ASSIGNMENT = Only what runs from the line with "갤럭시Z 폴드6(왼쪽사진)·플립6 측면" to the end of the data should appear in the answer, exactly as written and without pictures.

RAW DATA =
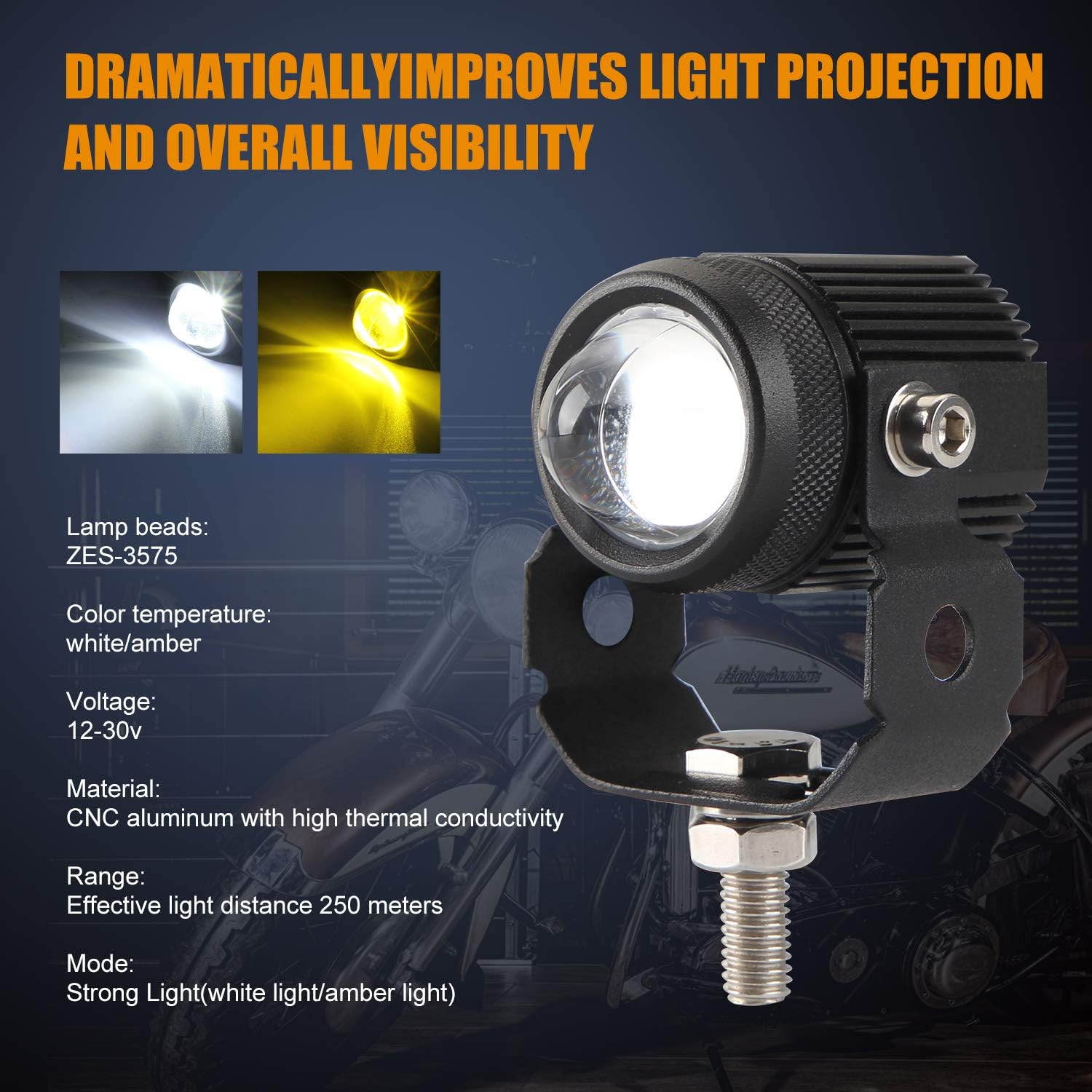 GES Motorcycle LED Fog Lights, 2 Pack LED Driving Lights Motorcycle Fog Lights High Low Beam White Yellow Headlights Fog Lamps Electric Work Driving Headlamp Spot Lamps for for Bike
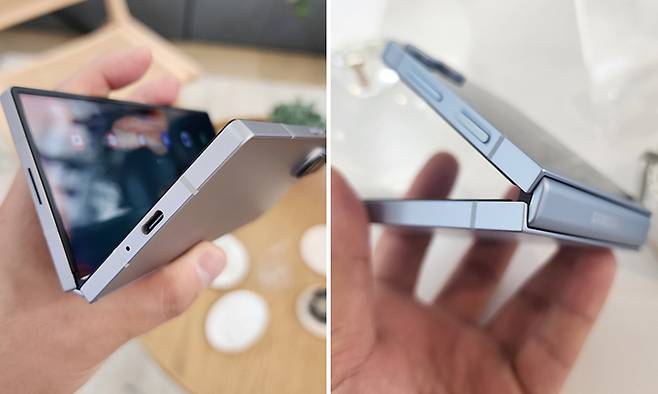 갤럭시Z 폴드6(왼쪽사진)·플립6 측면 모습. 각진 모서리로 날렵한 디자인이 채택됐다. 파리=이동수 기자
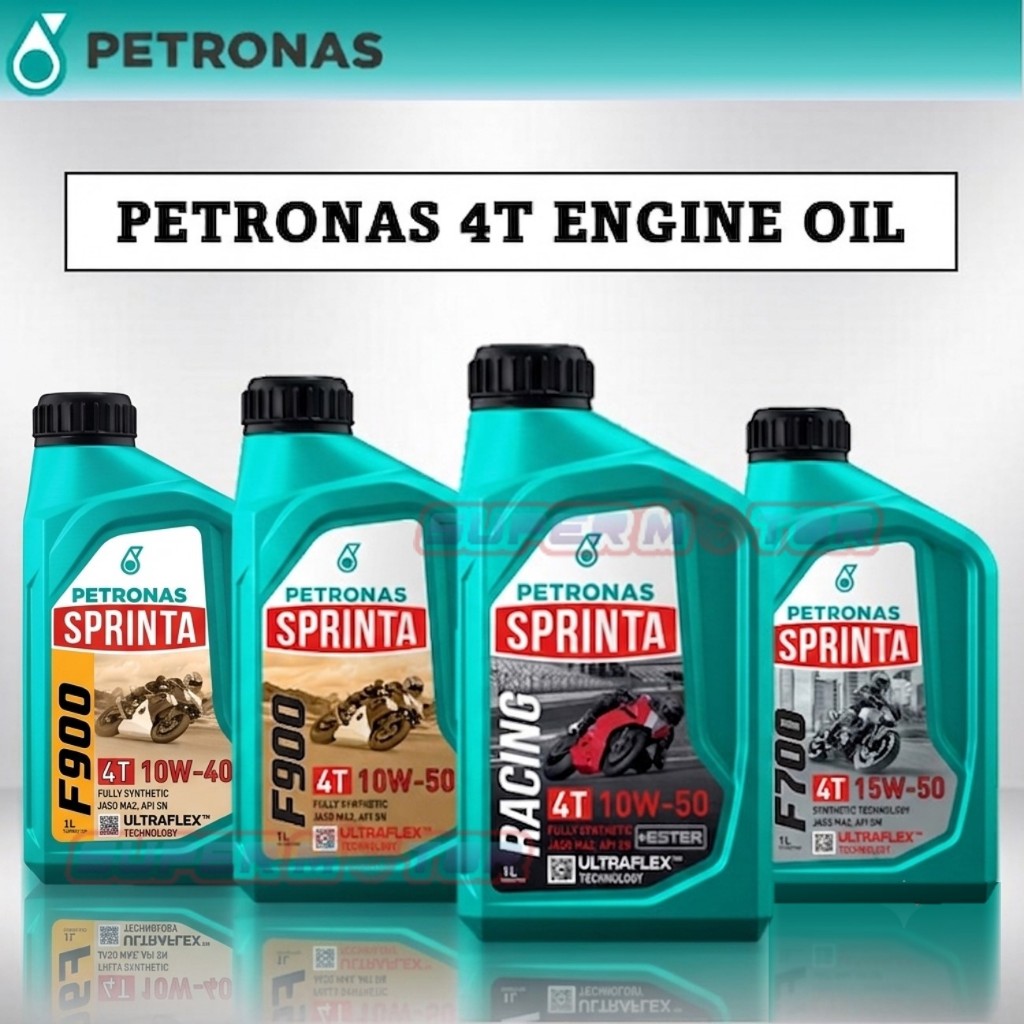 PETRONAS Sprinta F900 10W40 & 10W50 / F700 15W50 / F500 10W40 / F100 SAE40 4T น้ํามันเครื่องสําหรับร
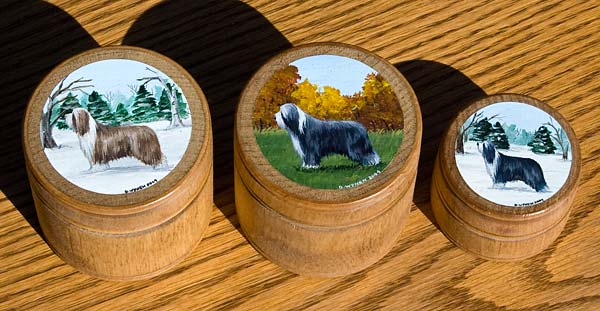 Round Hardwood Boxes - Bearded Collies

EXERCISE RESPONSE =
 갤럭시Z 폴드6(왼쪽사진)·플립6 측면 모습. 각진 모서리로 날렵한 디자인이 채택됐다. 파리=이동수 기자
 PETRONAS Sprinta F900 10W40 & 10W50 / F700 15W50 / F500 10W40 / F100 SAE40 4T น้ํามันเครื่องสําหรับร
 Round Hardwood Boxes - Bearded Collies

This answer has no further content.